● **What is expected**: Drop every picture and copy exactly the lines from the one with "Participación de un" through the last line of the listing below.

● **Given data**:
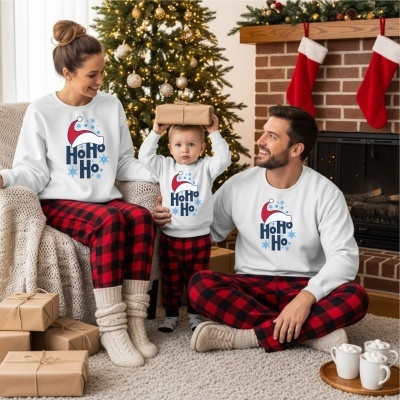 Família em pijamas de Natal com padrão xadrez e camisolas com texto Ho Ho Ho, junto a árvore e lareira decorada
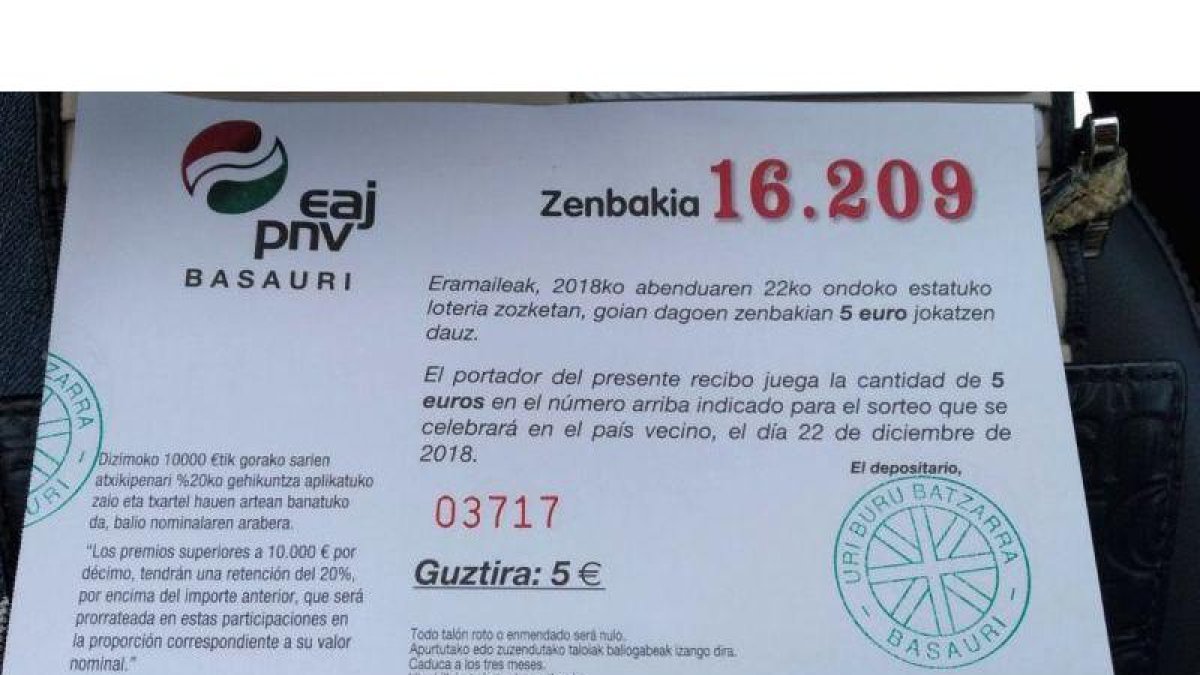 Participación de un cuarto de décimo de la lotería de Navidad emitida para el sorteo de este año por la sede del PNV en Basauri (Vizcaya). En el aviso central, la indicación de que se trata de lotería del país vecino.-G.E.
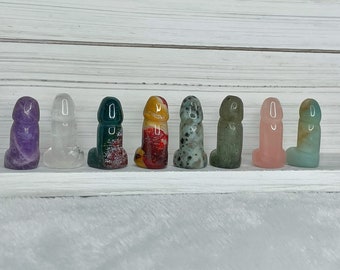 May include: Eight small, carved, polished stone figures in various colors, including purple, clear, green, red, grey, green, pink, and light blue.
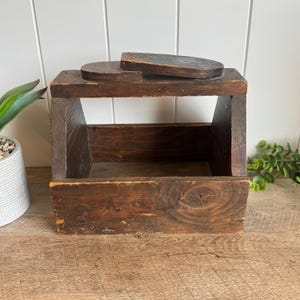 May include: A dark brown wooden caddy with a rectangular base, angled side panels, and a top handle. The wood features a visible grain pattern with a weathered finish, showing natural knots and variations in the dark brown stain throughout the structure.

● **Solution to the problem**:
 Participación de un cuarto de décimo de la lotería de Navidad emitida para el sorteo de este año por la sede del PNV en Basauri (Vizcaya). En el aviso central, la indicación de que se trata de lotería del país vecino.-G.E.
 May include: Eight small, carved, polished stone figures in various colors, including purple, clear, green, red, grey, green, pink, and light blue.
 May include: A dark brown wooden caddy with a rectangular base, angled side panels, and a top handle. The wood features a visible grain pattern with a weathered finish, showing natural knots and variations in the dark brown stain throughout the structure.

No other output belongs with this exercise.